Przypomnijmy, były prezes PKS w Raciborzu Kazimierz Kitliński zwrócił uwagę na złą sytuację finansową przedsiębiorstwa, podważył sensowność umowy, na mocy której PKS wykonuje przewozy w powiecie wodzisławskim, ponadto zakwestionował legalność umów, jakie PKS zawarł w tym roku z gminami powiatu raciborskiego, a także wskazał na brak podwyżek dla pracowników PKS.

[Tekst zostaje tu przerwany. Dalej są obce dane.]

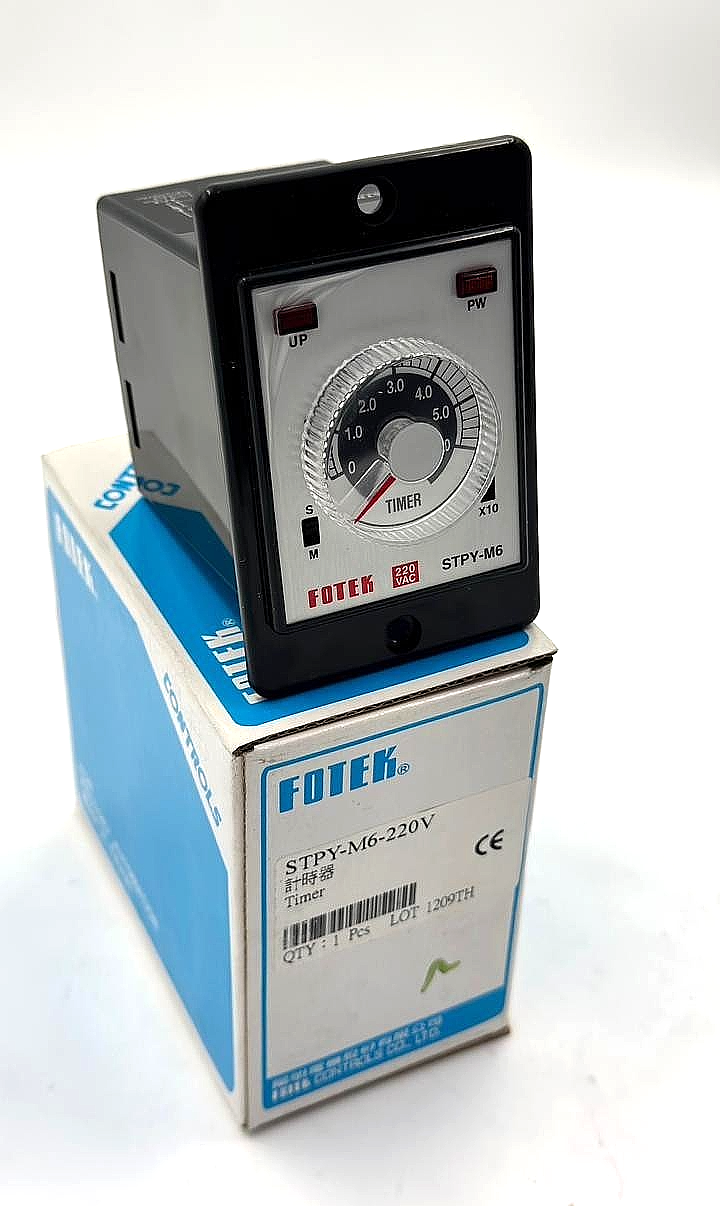 Fotek STPYM6220V Industrial Timer Relay | 220 VAC| Made in Taiwan0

Knura zdumiony słowami Kitlińskiego
Damian Knura twierdzi, że tezy zawarte w liście Kitlińskiego „nie są merytoryczne”, gdyż opierają się na domysłach lub nieaktualnych informacjach przekazanych przez „niektórych byłych lub obecnych pracowników”. Podczas zorganizowanej 14 maja konferencji prasowej prezes Knura wspominał czasy, gdy Kazimierz Kitliński wysyłał go na „korepetycje” do innych PKS–ów, które zdaniem Kitlińskiego miały działać „wzorcowo”. Dziś wielu z tych PKS–ów nie ma już na rynku. Zdaniem D. Knury przedsiębiorstwa te nie upadły dlatego, że były źle zarządzane, ale dlatego, że zmieniło się otoczenie. – Nawet w sejmie zauważono, że bez dopłat przewoźnicy nie przetrwają – zauważa D. Knura.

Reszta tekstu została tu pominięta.